* **Problem statement**: Copy out the entire listing below exactly, but without its pictures.

* **Source data**:
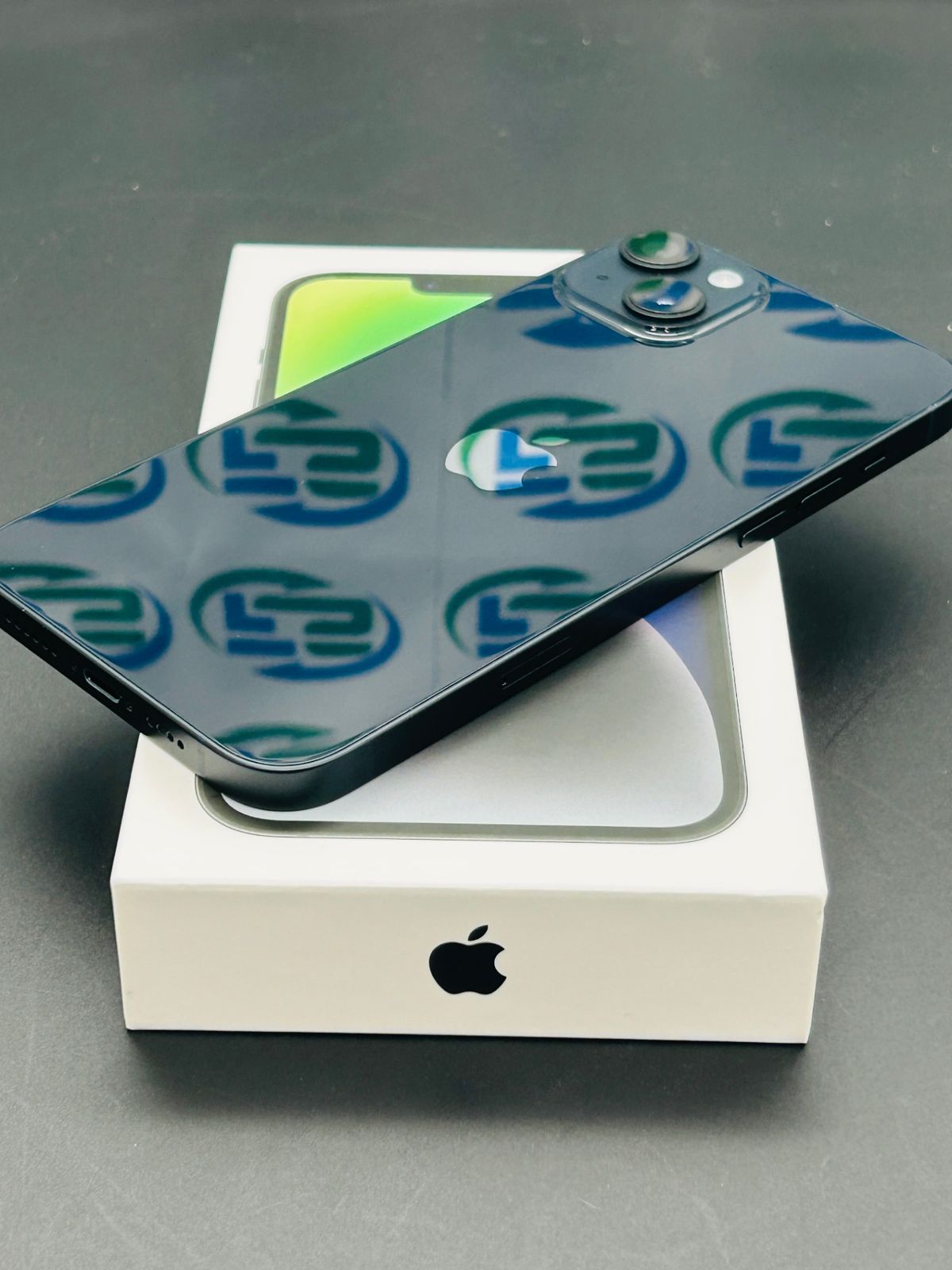 iPhone 14 Plus 256GB ミッドナイト MQ4J3J/A SIMフリー ランクA 送料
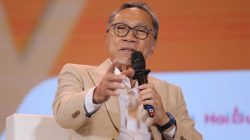 Sentil Fenomena Ingin Kaya Instan Lewat Judol dan Kripto, Zulhas: Kesuksesan Butuh Proses!
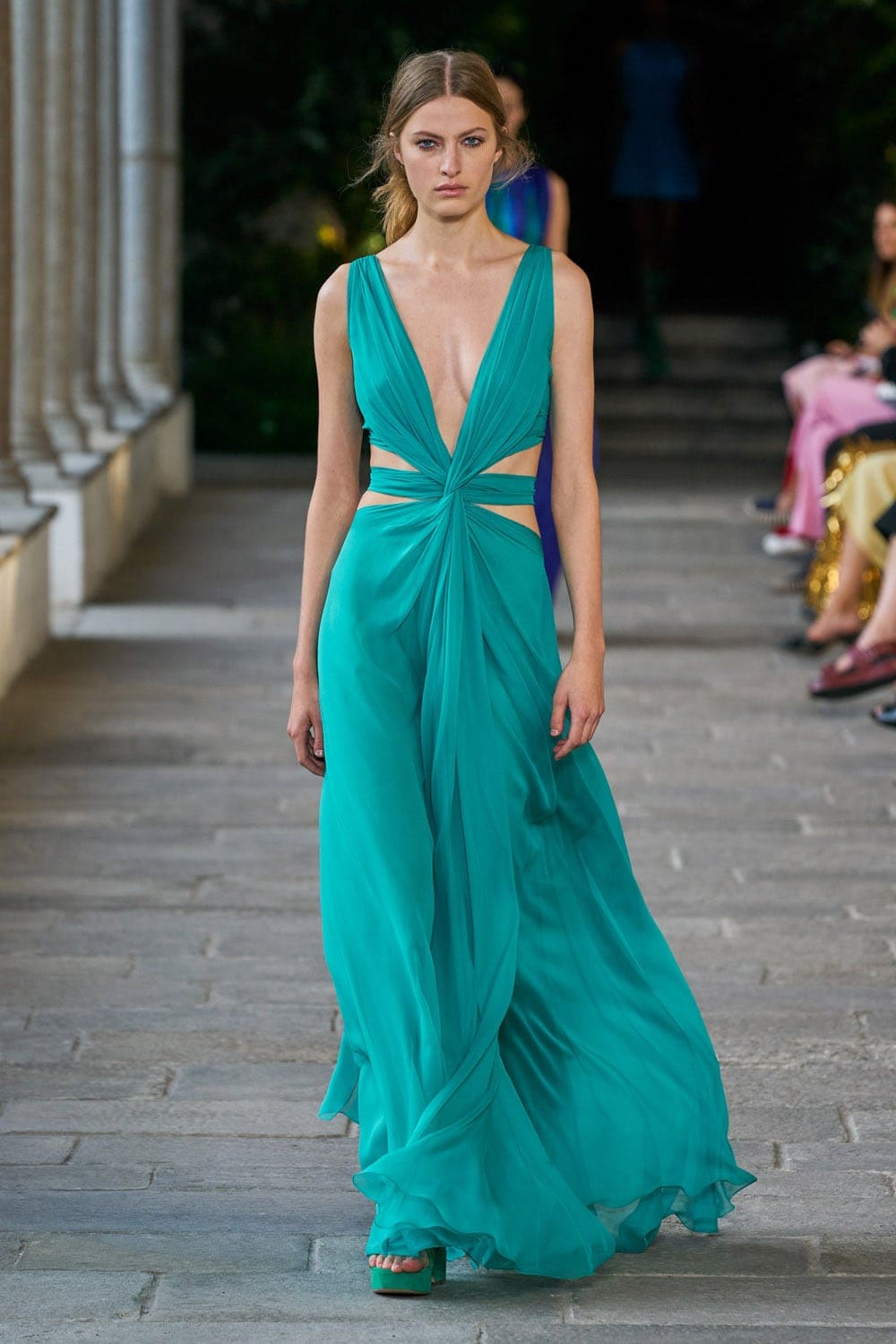 Alberta Ferretti Primavera Estate 2022 di RUNWAY MAGAZINE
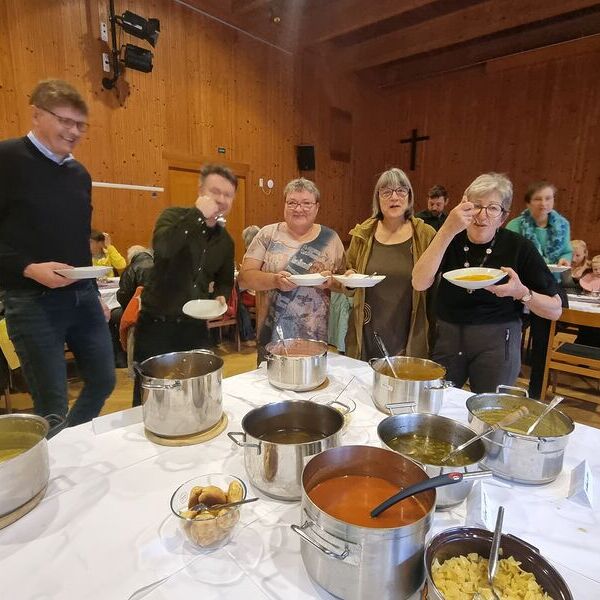 Die Auswahl an köstlichen Suppen war reichlich.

* **Output**:
 iPhone 14 Plus 256GB ミッドナイト MQ4J3J/A SIMフリー ランクA 送料
 Sentil Fenomena Ingin Kaya Instan Lewat Judol dan Kripto, Zulhas: Kesuksesan Butuh Proses!
 Alberta Ferretti Primavera Estate 2022 di RUNWAY MAGAZINE
 Die Auswahl an köstlichen Suppen war reichlich.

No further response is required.